Also bundles a pile of CLI QoL fixes (progress bars, PR/run artifact
pulls, PR-build download, native-TS ISO writer replacing
`hdiutil`/`mkisofs`/`genisoimage` host dep, unit tests).
| Scenario | Before | After |
|---|---|---|
| Cold boot (no snapshot) | 30–120s | same, works as fallback |
| `stack emulator pull` (one-time, includes local snapshot capture) |
~30s download | ~30s download + ~1–3 min cold-boot capture |
| Snapshot resume, normal start | — | **~5–8s** |
| Snapshot resume, `EMULATOR_NO_ROTATION=1` | — | **~2.5s** |
Backend (`/health?db=1`) and dashboard (`/handler/sign-in`) return 200
on all paths.
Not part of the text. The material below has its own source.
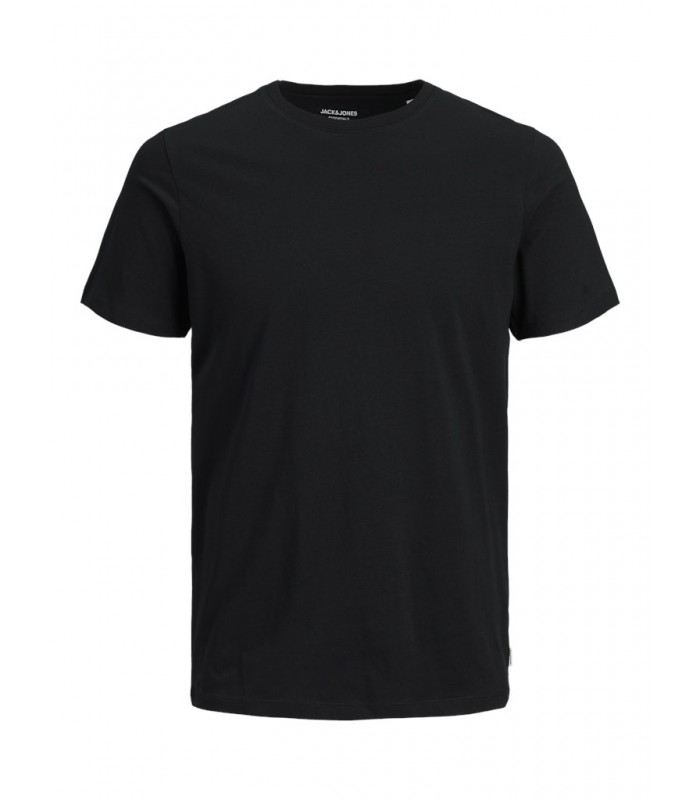 JACK & JONES miesten T-paita 12156101*06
Two successive snapshot resumes produce different rotated
PCK/SSK/SAK/CRON_SECRET values per install.
## How it works
**Build (CI)** — `docker/local-emulator/qemu/build-image.sh`:
1. Cloud-init provisioning runs to completion (migrations, seed,
slim-image) producing `stack-emulator-<arch>.qcow2`.
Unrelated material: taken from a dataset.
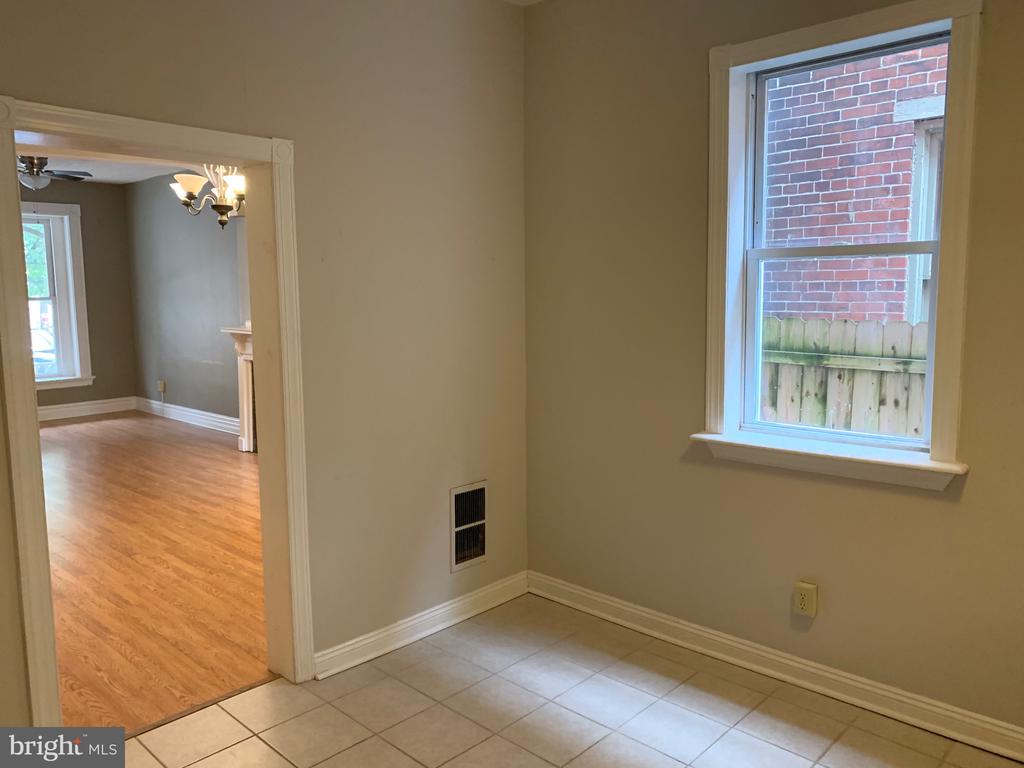 232 MUENCH STREET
2. Image is built with a topology compatible with later snapshot capture
(pinned SMP=4, phantom seed/bundle ISOs, STACKCFG runtime ISO mounted at
build time, qemu-guest-agent running, placeholder hex secrets baked in
under `STACK_EMULATOR_BUILD_SNAPSHOT=1`).
3. CI publishes **only the qcow2** — no `.savevm.zst` ships.
**Pull (user's machine)** —
`packages/stack-cli/src/commands/emulator.ts` + `run-emulator.sh
capture`:
1. `stack emulator pull` downloads the qcow2 with a progress bar (or
from a PR / workflow run via `--pr` / `--run`).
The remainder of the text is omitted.